Stop your RPA projects from going off track — or worse, failing to solve problems they were never capable of fixing. Enterprise architecture and technology innovation leaders should use this guide to position their RPA projects for success.

Overview

 

Key Challenges

 

  • Tactically focused robotic process automation (RPA) projects may improve quality and decrease activity cycle times by assisting or removing labor in or from activities. Cost reduction by eliminating head count is cited as a benefit of RPA; however, if employees are moved to other tasks, this area of cost reduction is not always achieved as planned.
  • The proliferation of automation and artificial intelligence tools and options continues to grow, which introduces a steep learning curve and general confusion around the term "RPA," along with the benefits it presents.
  • One software tool is unlikely to solve every unautomated activity in your organization.

Recommendations

 

To drive business transformation through technology innovation, enterprise architecture and technology innovation leaders must:
  • Identify and quantify the opportunities to use RPA for revenue-generating activities in addition to cost-saving or compliance activities. Do not just focus RPA on reducing labor costs. Carefully set expectations of what the tools can do and how your organization can use them to support digital transformation as part of an automation strategy.
  • Start with rule-based, standardized processes that cross multiple systems, which need a nonintrusive approach to automation. Evaluate RPA opportunities where you have people acting as "swivel chair integration" — rekeying data between systems — and where work is being performed by humans that involves structured, digitalized data processed by predefined rules. This analysis forms the basis for your enterprise automation roadmap.
  • Identify alternative existing tools or services, which already have a significant proportion of the functionality required at a suitable price point; evaluate these solutions in parallel with RPA, or as a hybrid solution; and look to future artificial intelligence-based options.

Strategic Planning Assumptions

By 2020, automation and artificial intelligence will reduce employee requirements in business shared-service centers by 65%.
By 2019, process automation will have limited impact on top-line growth for 50% of organizations that will erroneously focus on labor reduction, not on improving business outcomes.

Capitalizing on RPA

Business stakeholders are excited by the potential of a tool to reduce costs, increase accuracy, improve compliance and automate work in a fraction of the time and cost of typical IT software deployments.
The expectations of robotic process automation (RPA) are as large as the confusion about the technical capabilities of the RPA tools themselves.

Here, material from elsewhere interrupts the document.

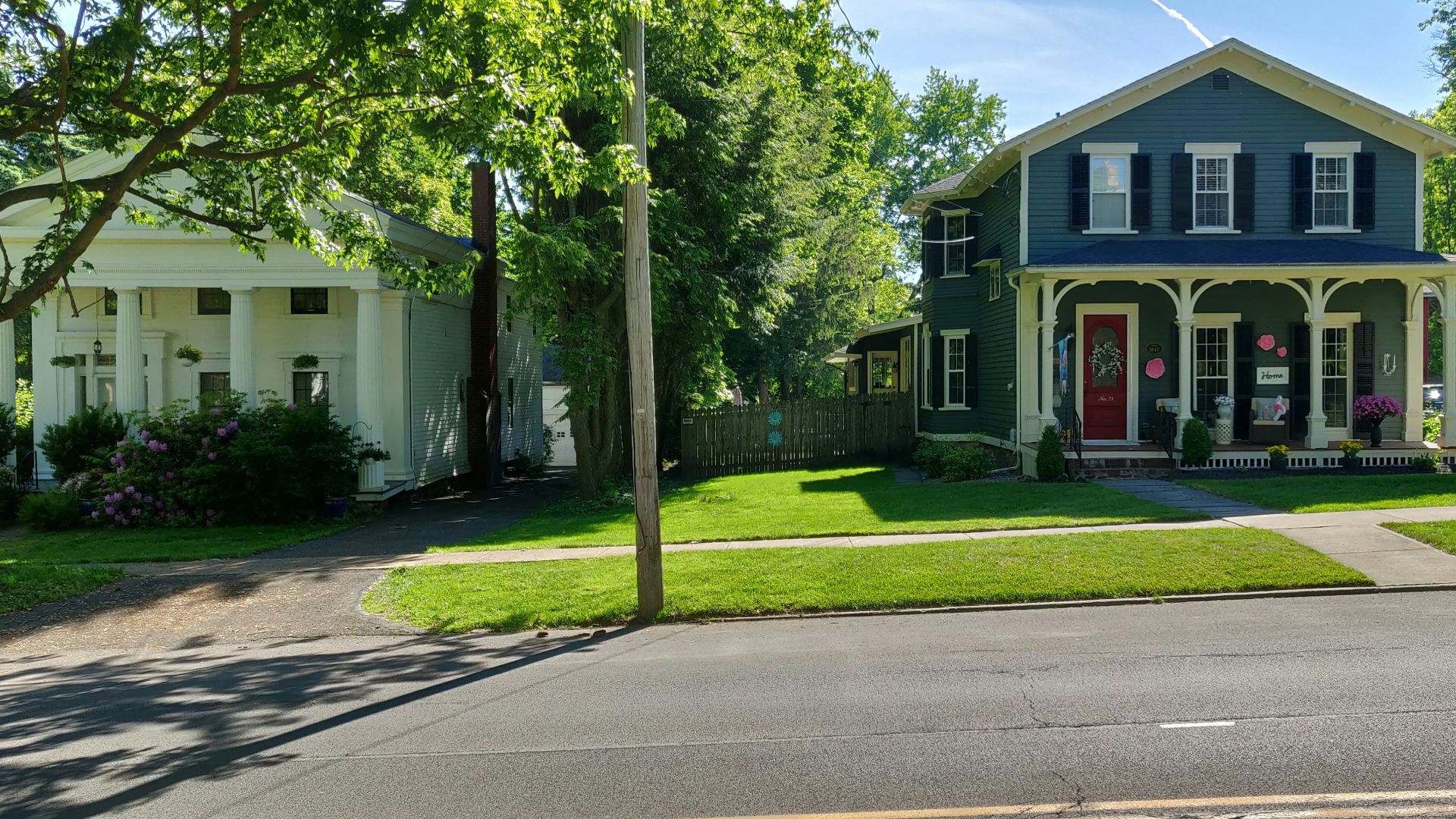 green grass lawn near white and red house during daytime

Understanding the functionality of RPA versus artificial intelligence is challenging, as business and IT are muddling the terminology, potential and reality of a new swath of tools.
Most organizations have a vast amount of tasks that are not automated for a multitude of reasons. RPA tools offer potential ways to automate all or some stages of manual rule-based processes that were previously not automated.
The most important first step is figuring out which use cases could be best solved by RPA. Enterprise architecture and technology innovation leaders can make these evaluations either alone or with the support of consultants, system integrators and business process outsourcing (BPO) companies.
Once the use cases are evaluated, enterprise architecture and technology innovation leaders can start to map automation needs to the RPA software available in the market and their partner service providers.